Proposed legislation aims to increase information on pregnancy-risk information. The “Birth Defects Prevention, Risk Reduction, and Awareness Act” (H.R. 5462/S. 3479) has bipartisan support and endorsements from the American Academy of Pediatrics and the March of Dimes. The bill calls for a national media campaign to make physicians and patients aware of the information services. “Unfortunately, research shows that up to half of pregnant women are not counseled by their health care providers about the potential risks of medications they may be taking, and programs to provide this information have been closing due to state and local budget cuts,” Rep. Rosa DeLauro (D.-Conn.), one of the bill's sponsors, said in a statement.

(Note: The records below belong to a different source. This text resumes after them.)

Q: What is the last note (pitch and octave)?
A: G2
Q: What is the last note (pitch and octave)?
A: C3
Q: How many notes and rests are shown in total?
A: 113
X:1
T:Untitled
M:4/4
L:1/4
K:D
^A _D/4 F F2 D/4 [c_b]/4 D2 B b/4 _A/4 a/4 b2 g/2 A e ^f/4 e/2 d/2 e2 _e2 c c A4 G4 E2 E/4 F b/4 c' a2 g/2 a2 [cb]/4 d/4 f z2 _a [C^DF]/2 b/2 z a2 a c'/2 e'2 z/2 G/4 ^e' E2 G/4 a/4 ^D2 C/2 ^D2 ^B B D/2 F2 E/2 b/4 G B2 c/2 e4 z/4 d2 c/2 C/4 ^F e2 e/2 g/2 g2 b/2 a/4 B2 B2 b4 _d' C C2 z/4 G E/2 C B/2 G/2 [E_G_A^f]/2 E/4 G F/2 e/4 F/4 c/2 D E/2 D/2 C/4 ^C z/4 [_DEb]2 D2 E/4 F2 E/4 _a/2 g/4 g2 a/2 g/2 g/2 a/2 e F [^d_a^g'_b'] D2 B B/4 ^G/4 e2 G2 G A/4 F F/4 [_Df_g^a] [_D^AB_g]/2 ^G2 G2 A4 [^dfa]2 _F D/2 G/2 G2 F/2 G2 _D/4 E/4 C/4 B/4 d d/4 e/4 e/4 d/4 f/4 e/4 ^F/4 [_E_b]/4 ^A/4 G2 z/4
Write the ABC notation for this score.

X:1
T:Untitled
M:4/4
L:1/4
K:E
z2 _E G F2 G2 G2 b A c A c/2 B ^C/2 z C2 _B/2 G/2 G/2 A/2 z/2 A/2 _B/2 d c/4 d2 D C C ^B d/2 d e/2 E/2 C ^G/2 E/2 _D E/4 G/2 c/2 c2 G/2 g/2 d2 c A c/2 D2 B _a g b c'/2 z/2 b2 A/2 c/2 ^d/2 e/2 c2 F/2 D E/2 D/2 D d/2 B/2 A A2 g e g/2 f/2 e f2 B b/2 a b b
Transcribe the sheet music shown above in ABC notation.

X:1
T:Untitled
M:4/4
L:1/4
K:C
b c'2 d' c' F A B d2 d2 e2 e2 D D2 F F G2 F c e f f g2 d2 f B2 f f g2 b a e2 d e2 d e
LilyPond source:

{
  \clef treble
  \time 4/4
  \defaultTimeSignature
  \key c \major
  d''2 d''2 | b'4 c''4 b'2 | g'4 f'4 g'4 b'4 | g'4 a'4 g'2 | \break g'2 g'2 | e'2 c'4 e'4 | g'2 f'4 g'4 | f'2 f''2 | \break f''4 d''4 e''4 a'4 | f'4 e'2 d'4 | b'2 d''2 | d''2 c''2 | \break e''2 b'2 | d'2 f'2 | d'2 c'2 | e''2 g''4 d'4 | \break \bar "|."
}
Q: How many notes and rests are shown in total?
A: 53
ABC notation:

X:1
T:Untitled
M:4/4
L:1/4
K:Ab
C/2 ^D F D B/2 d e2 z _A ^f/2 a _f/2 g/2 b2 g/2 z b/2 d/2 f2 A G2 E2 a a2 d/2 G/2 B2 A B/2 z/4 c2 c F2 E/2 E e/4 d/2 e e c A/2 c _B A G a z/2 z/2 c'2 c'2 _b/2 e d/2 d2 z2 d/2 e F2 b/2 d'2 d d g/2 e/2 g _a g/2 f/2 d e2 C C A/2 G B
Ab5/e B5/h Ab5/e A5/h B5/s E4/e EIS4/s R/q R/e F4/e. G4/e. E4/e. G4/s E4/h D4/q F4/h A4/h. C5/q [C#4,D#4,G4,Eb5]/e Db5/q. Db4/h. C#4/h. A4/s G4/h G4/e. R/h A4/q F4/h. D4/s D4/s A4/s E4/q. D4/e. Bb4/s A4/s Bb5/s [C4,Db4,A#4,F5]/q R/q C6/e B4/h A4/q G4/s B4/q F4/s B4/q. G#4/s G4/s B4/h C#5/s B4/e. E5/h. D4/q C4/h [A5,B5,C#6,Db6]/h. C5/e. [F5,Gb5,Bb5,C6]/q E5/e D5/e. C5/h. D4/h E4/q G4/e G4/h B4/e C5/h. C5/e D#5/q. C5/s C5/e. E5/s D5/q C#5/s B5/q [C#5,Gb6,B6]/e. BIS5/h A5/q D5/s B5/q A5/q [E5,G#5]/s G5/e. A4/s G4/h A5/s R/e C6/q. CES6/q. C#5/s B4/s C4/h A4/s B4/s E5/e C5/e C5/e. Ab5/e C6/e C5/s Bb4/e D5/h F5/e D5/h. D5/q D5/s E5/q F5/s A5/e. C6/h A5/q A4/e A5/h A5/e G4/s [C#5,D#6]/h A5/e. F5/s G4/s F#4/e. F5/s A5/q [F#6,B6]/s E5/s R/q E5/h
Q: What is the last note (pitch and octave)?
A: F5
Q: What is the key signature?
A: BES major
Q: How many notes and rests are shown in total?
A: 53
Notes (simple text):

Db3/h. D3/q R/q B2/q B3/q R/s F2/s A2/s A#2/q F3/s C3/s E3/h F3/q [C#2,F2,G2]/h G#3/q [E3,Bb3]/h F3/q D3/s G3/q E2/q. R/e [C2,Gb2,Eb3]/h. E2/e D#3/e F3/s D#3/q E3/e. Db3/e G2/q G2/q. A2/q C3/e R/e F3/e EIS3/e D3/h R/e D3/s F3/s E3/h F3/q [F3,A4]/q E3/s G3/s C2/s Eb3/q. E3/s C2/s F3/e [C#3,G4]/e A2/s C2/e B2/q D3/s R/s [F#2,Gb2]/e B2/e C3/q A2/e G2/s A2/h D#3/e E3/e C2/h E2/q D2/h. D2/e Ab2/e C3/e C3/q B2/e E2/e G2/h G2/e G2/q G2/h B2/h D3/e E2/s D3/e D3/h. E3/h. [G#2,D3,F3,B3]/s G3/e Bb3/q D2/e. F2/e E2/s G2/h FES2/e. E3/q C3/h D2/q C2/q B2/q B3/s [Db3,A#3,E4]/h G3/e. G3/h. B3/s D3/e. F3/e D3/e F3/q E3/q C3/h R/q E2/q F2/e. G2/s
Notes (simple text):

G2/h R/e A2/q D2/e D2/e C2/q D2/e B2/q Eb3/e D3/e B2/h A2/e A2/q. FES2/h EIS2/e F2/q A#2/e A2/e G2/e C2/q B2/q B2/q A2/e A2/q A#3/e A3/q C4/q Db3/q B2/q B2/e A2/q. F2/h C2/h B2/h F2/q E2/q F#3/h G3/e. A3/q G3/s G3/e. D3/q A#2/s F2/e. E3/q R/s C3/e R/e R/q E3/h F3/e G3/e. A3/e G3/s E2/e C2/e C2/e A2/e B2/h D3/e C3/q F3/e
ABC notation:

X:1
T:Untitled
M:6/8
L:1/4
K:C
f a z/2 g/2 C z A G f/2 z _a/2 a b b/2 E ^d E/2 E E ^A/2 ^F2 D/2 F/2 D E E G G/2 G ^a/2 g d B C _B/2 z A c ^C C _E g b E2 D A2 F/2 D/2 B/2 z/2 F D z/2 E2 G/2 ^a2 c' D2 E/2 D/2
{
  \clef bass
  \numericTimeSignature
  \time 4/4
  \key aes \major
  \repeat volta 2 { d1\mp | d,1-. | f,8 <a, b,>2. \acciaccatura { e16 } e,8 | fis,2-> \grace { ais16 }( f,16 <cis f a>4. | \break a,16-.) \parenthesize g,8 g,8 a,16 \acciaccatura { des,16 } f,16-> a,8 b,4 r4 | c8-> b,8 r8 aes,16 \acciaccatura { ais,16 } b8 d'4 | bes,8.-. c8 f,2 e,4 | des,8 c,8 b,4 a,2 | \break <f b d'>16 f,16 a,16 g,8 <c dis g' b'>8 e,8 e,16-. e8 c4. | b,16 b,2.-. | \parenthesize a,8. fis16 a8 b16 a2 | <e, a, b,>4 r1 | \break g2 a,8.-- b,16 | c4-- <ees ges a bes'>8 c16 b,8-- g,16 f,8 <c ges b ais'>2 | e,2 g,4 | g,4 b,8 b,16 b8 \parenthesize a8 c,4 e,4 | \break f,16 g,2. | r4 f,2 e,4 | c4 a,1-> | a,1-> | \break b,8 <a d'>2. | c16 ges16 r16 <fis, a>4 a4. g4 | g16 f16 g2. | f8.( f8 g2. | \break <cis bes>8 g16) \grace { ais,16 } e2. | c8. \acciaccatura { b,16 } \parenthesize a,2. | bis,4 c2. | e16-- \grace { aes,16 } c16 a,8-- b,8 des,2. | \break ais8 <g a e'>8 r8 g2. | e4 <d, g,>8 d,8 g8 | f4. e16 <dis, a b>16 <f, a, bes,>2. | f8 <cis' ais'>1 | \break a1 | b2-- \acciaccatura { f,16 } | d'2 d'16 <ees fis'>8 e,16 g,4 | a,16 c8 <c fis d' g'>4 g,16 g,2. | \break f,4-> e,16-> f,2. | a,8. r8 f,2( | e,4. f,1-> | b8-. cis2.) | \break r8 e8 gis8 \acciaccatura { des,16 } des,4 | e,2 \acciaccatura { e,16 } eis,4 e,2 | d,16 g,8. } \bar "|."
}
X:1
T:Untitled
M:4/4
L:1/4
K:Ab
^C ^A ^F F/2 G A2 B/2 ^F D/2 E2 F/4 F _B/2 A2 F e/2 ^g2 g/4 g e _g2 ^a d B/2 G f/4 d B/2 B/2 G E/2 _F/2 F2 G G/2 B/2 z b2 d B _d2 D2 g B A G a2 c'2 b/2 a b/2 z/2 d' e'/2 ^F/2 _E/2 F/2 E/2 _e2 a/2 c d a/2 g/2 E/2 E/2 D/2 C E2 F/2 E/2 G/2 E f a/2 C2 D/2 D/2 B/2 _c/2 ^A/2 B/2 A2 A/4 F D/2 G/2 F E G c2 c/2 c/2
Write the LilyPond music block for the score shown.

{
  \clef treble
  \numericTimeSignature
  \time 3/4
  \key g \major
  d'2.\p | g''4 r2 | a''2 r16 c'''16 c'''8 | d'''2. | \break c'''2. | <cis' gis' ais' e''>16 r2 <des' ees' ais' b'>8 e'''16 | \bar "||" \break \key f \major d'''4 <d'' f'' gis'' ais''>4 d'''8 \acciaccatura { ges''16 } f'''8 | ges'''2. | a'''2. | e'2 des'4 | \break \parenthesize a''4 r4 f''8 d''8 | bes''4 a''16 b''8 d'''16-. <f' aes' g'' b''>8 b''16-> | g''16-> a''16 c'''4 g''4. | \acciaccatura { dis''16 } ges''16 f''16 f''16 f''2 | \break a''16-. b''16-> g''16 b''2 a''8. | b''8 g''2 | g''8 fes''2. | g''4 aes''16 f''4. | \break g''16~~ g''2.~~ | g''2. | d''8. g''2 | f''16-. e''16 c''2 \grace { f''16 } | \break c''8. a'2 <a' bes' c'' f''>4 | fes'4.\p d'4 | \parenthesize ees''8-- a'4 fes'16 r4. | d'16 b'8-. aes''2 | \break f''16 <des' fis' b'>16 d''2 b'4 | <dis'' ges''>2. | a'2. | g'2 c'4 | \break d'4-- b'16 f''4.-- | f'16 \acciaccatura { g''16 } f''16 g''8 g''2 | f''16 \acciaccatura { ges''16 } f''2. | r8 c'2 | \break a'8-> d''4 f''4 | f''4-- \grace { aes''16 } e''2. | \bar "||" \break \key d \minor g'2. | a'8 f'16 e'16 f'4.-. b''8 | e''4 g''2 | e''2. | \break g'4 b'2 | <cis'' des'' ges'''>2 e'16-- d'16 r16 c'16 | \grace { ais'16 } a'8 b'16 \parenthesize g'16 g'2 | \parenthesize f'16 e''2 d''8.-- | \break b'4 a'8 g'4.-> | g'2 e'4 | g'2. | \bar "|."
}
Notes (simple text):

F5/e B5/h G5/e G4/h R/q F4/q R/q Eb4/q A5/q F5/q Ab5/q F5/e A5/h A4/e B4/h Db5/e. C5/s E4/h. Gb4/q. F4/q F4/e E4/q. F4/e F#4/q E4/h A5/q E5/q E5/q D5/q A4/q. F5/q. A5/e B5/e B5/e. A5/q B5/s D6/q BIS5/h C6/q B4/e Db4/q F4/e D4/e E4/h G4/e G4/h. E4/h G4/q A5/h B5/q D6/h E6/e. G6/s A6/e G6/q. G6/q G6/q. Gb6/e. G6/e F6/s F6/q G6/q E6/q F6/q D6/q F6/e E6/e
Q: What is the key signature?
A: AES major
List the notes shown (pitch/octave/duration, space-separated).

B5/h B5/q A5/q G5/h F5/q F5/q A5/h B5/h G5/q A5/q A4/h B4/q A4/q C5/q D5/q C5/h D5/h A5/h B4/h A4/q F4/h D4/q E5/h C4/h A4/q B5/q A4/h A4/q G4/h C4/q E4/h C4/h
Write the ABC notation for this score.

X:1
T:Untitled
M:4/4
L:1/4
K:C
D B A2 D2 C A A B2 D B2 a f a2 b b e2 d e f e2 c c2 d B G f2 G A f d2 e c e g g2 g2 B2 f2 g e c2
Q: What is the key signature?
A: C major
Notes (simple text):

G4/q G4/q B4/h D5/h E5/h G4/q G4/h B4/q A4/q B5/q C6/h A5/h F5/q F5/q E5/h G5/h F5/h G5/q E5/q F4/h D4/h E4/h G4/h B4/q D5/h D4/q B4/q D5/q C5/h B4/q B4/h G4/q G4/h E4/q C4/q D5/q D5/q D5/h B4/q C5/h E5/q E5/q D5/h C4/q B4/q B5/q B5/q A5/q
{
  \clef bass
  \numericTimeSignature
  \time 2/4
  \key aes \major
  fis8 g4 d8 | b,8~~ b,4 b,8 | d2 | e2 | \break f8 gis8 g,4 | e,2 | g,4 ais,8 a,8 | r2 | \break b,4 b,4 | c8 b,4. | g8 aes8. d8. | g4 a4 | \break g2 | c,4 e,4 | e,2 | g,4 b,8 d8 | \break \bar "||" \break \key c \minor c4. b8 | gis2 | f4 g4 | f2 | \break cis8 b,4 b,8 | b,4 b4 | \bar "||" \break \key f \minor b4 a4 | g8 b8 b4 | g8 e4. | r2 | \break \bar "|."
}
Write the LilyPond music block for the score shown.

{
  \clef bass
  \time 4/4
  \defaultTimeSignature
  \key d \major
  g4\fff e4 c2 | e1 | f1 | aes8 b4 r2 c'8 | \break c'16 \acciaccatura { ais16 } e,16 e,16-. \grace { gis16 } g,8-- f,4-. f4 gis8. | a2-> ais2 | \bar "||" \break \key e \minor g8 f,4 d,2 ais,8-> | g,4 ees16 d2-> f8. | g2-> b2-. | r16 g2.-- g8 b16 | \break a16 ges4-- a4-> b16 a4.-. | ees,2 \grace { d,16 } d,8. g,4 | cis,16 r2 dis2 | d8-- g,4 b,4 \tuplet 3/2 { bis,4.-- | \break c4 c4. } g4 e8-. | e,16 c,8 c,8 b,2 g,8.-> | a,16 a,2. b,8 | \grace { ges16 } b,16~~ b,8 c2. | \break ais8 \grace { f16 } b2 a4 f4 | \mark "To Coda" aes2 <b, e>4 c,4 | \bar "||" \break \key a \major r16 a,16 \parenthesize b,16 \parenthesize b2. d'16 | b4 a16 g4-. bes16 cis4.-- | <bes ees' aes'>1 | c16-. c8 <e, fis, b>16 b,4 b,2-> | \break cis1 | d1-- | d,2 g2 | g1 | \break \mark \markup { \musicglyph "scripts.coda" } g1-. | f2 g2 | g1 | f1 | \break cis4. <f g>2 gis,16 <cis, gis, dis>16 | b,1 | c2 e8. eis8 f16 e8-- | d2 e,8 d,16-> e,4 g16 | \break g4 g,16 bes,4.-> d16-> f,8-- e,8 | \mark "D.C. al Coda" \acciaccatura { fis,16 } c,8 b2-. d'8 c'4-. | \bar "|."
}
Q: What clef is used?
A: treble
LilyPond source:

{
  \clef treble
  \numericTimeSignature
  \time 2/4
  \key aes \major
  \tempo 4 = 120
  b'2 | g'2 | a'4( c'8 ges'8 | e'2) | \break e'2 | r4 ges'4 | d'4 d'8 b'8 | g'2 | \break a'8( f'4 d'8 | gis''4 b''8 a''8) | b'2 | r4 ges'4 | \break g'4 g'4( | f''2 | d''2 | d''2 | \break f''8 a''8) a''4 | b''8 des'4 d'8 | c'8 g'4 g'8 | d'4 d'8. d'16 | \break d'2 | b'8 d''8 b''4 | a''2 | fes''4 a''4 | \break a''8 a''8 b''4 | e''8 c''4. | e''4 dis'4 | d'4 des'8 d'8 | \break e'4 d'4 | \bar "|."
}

ART Called Heavily Regulated

When a California woman gave birth to octuplets last year, some people cried out for a clampdown on assisted reproductive medicine in the United States. But the American Society for Reproductive Medicine reports that assisted reproductive technology (ART) is already one of the most highly regulated practices in all of medicine. For example, ART falls under the purview of three federal agencies, the Centers for Disease Control and Prevention, the Food and Drug Administration, and the Centers for Medicare and Medicaid Services. These agencies are responsible for collecting data on ART, regulating drugs and devices and tests of eggs and sperm, and ensuring the quality of laboratories. Self-regulation includes a reproductive-laboratory accreditation program and ethics and practice guidelines. However, the report concedes that oversight could be improved if health plans would agree to cover ART services. Then health plans could require that physicians comply with the ethics and practice guidelines as a condition of payment.

Doctors Retract 'Nick' Policy

The American Academy of Pediatrics, under fire for its position on female genital cutting, has withdrawn the statement and reiterated its “strong opposition” to the practice. In April, the journal Pediatrics published an AAP statement suggesting that physicians in certain immigrant communities might substitute a pinprick of the clitoral skin for ritual genital cutting in order to satisfy cultural requirements. The statement warned that parents still might send their daughters out of the country to get the full procedure or have it done in the United States by someone not medically trained. But the AAP said in its new statement that it does not endorse the practice of offering a “clitoral nick,” which is forbidden by federal law. Said AAP President Judith Palfrey, “We retracted that policy because it is important that the world health community understands the AAP is totally opposed to all forms of female genital cutting, both here in the U.S. and anywhere else in the world.”